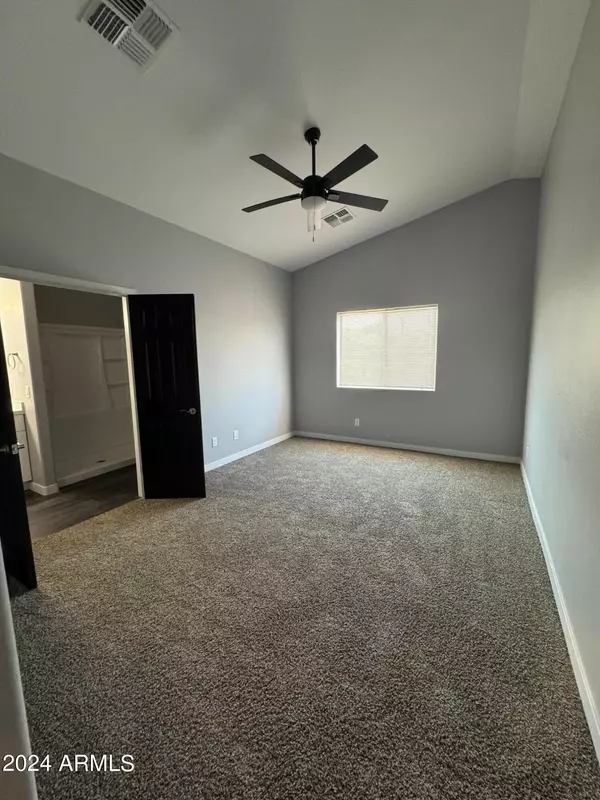 Casa Grande, AZ 85122,512 W MANOR Drive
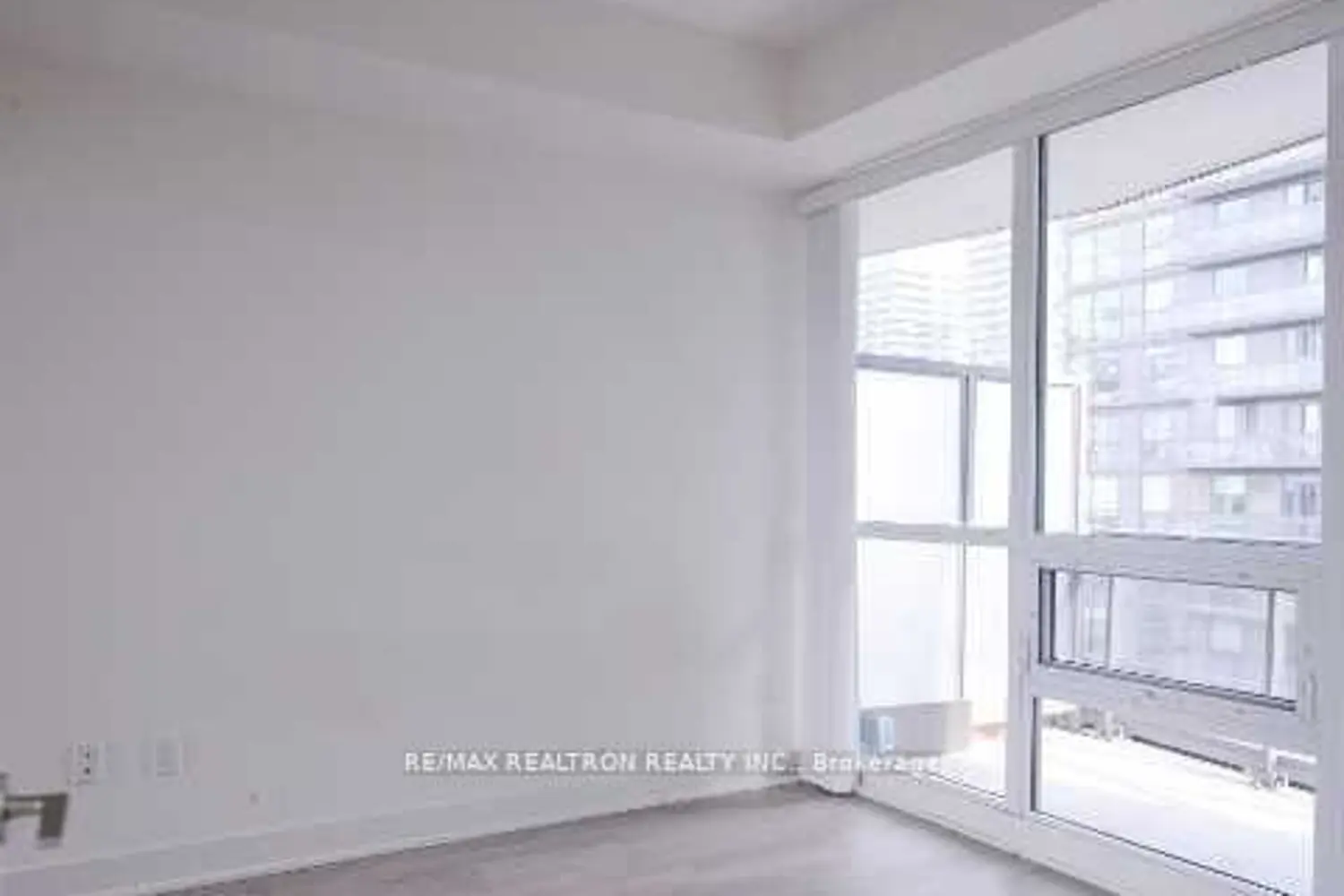 Additional image 11 of 30 Roehampton Avenue 1501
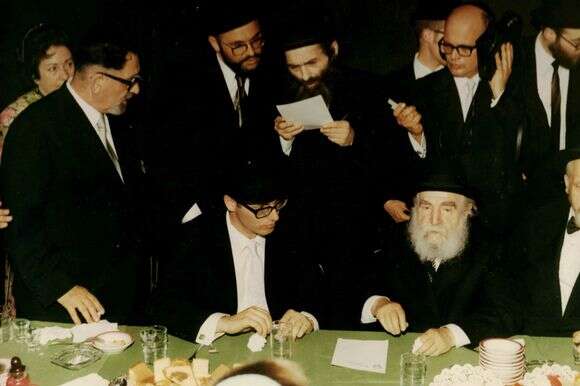 הרב פיינשטיין עם כותב המאמר לקראת חופתו, סיון תשל"א | באדיבות המשפחה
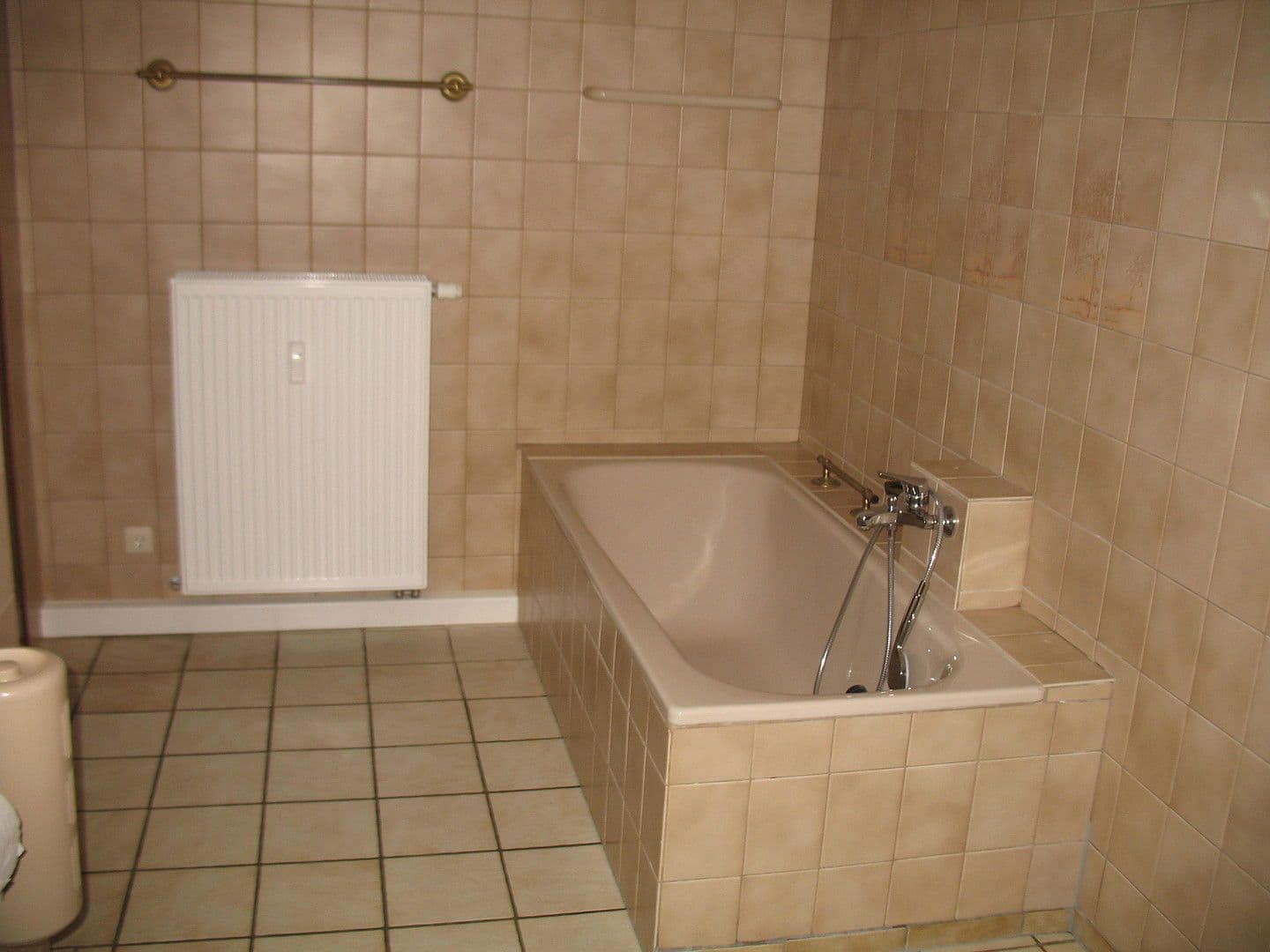 Pronájem bytu 5+1 174 m², Gänsfelderstraße 14, Zeltingen-Rachtig, Porýní-Falc Pronájem bytu 5+1 174 m², Gänsfelderstraße 14, Zeltingen-Rachtig, Porýní-Falc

* _Brief_:
Transcribe exactly, and without any pictures, each line from the one that holds "Additional image 11" through the final line of the material above.

* _Completed exercise_:
 Additional image 11 of 30 Roehampton Avenue 1501
 הרב פיינשטיין עם כותב המאמר לקראת חופתו, סיון תשל"א | באדיבות המשפחה
 Pronájem bytu 5+1 174 m², Gänsfelderstraße 14, Zeltingen-Rachtig, Porýní-Falc Pronájem bytu 5+1 174 m², Gänsfelderstraße 14, Zeltingen-Rachtig, Porýní-Falc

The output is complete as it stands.